The Great Barrier Reef (GBR) is a globally significant coral reef system supporting productive and diverse ecosystems. The GBR is under increasing threat from climate change and local anthropogenic stressors, with its general condition degrading over recent decades. In response to this, a number of techniques have been proposed to offset or ameliorate environmental changes. In this study, we use a coupled hydrodynamic-biogeochemical model of the GBR and surrounding ocean to simulate artificial ocean alkalinisation (AOA) as a means to reverse the impact of global ocean acidification on GBR reefs. Our results demonstrate that a continuous release of 90 000 t of alkalinity every 3 d over one year along the entire length of the GBR, following the Gladstone-Weipa bulk carrier route, increases the mean aragonite saturation state (Ωar) across the GBR’s 3860 reefs by 0.05. This change offsets just over 4 years (∼4.2) of ocean acidification under the present rate of anthropogenic carbon emissions. The injection raises Ωar in the 250 reefs closest to the route by ⩾0.15, reversing further projected Ocean Acidification.

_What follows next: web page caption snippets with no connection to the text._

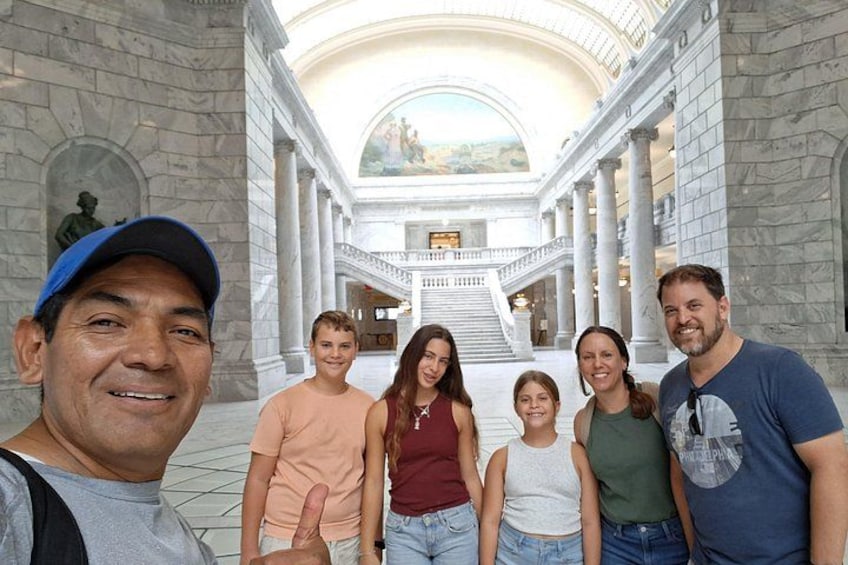 A group of people in a grand building with columns and a large staircase. 5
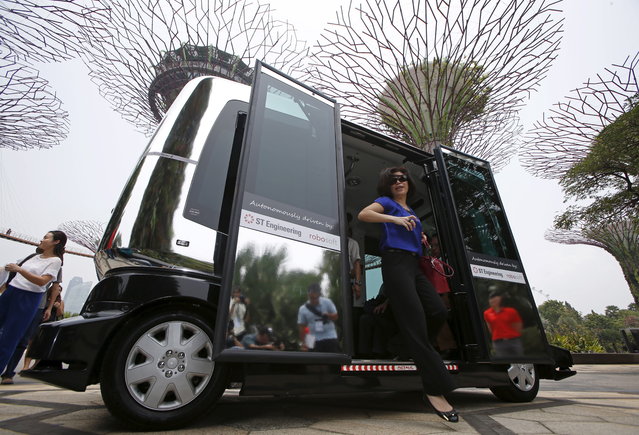 Members of the media disembark from an autonomous vehicle during a demonstration in Singapore, October 2015. (Photo by Edgar Su/Reuters)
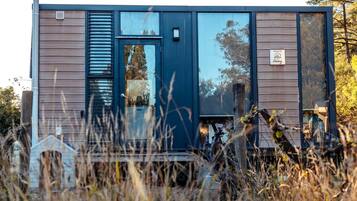A modern, single-story building with a dark blue exterior, large windows, and a visible door.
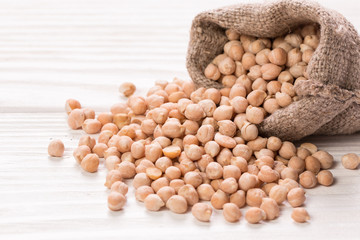 chickpeas on rustic background, healthy food concept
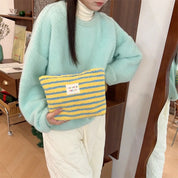 Donna con maglione verde menta tiene borsa a righe gialle e blu. Moda invernale, accessori colorati, stile casual chic.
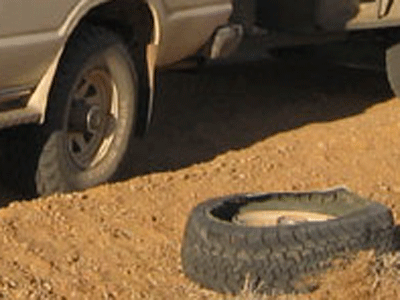 Grey nomads tyre blows out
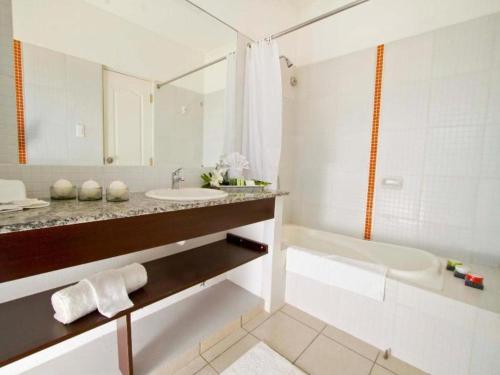 Un baño blanco con bañera y lavabo. en Terranova Suites, en Santa Cruz de la Sierra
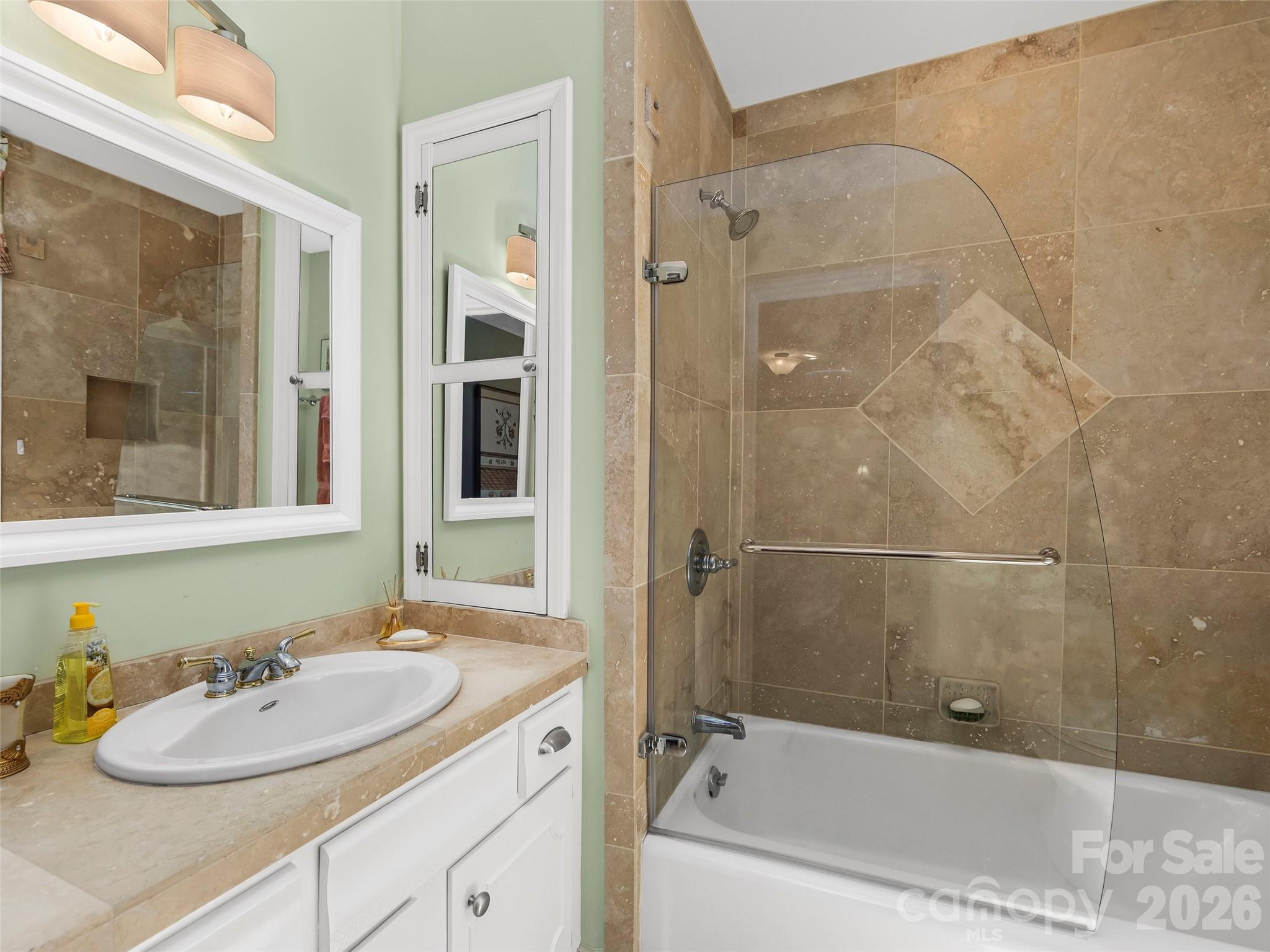 69 Forest Road Asheville, NC 28803 - Photo 26 of 48 a bathroom with a sink and tub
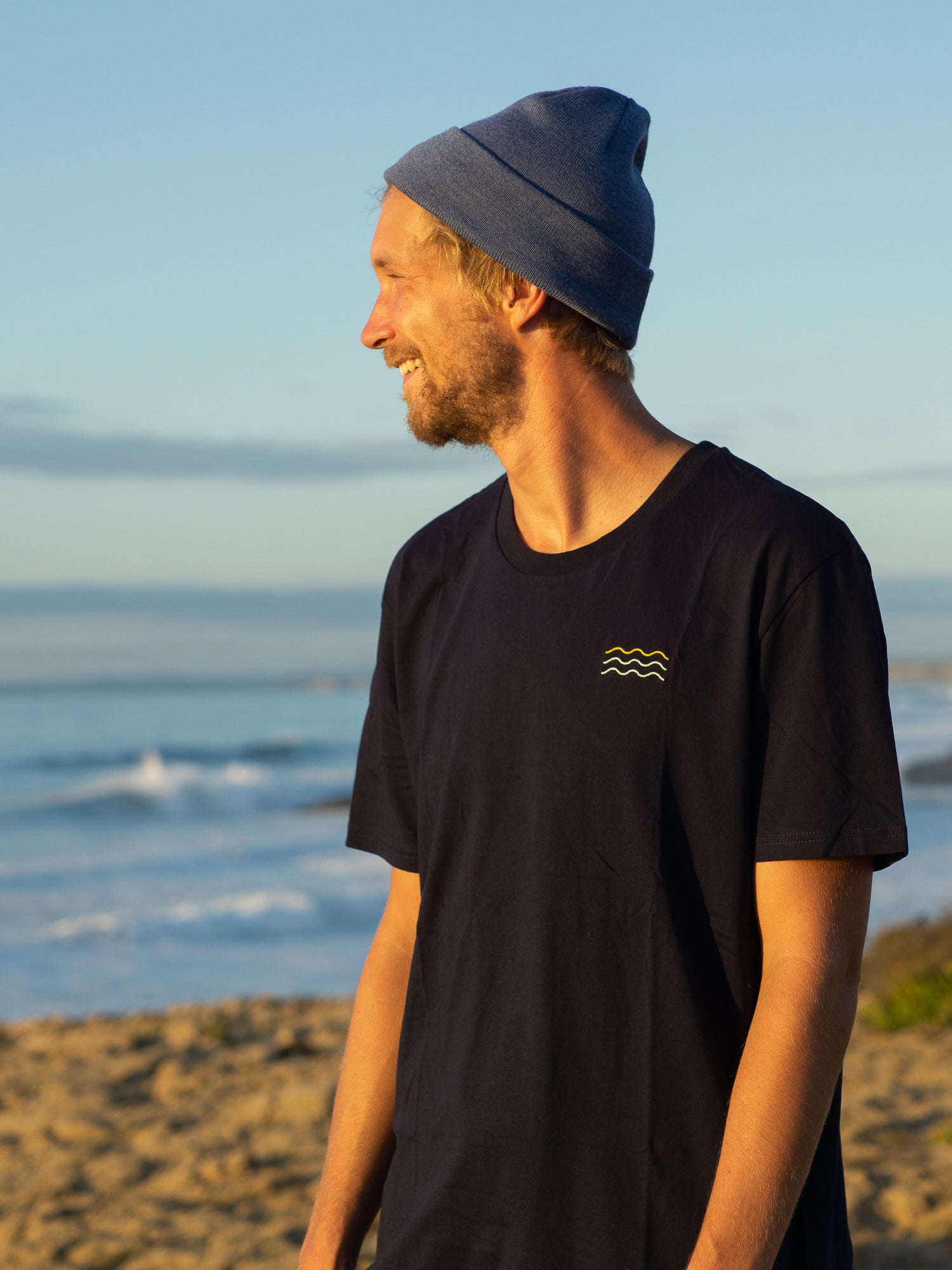 Kenny trägt unser FUXBAU Fair Fashion Surf T-Shirt in navy aus Biobaumwolle am Meer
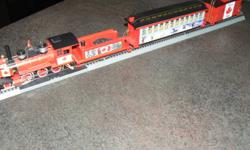 O Canada Train set from Bradford Exchange.
Engine, Coal Car and 8 cars right back to the Caboose!
Comes with Transformer, Track and Crossing Gaurds!
All new and never hooked up or used.
New, these pieces are over $1,300.00,
selling for $275.00 OBO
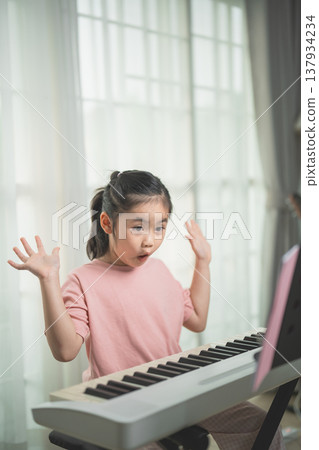 Young Girl Expressing Surprise While Playing Keyboard in Bright Room with Natural Light and Soft Curtains Young Girl Expressing Surprise While Playing Keyboard in Bright Room with Natural Light and Soft Curtains 137934234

Following cessation of alkalinity injection Ωar returns to the value of the waters in the absence of AOA over a 6 month period, primarily due to transport of additional alkalinity into the Coral Sea. Significantly, our study provides for the first time a model of AOA applied along existing shipping infrastructure that has been used to investigate shelf scale impacts. Thus, amelioration of decades of OA on the GBR is feasible using existing infrastructure, but is likely to be extremely expensive, include as yet unquantified risks, and would need to be undertaken continuously until such time, probably centuries in the future, when atmospheric CO2 concentrations have returned to today’s values.

Mongin M., Baird M. E., Lenton A., Neill C. & Akl J., 2021. Reversing ocean acidification along the Great Barrier Reef using alkalinity injection. Environmental Research Letters 16(6): 064068. doi: 10.1088/1748-9326/ac002d. Article.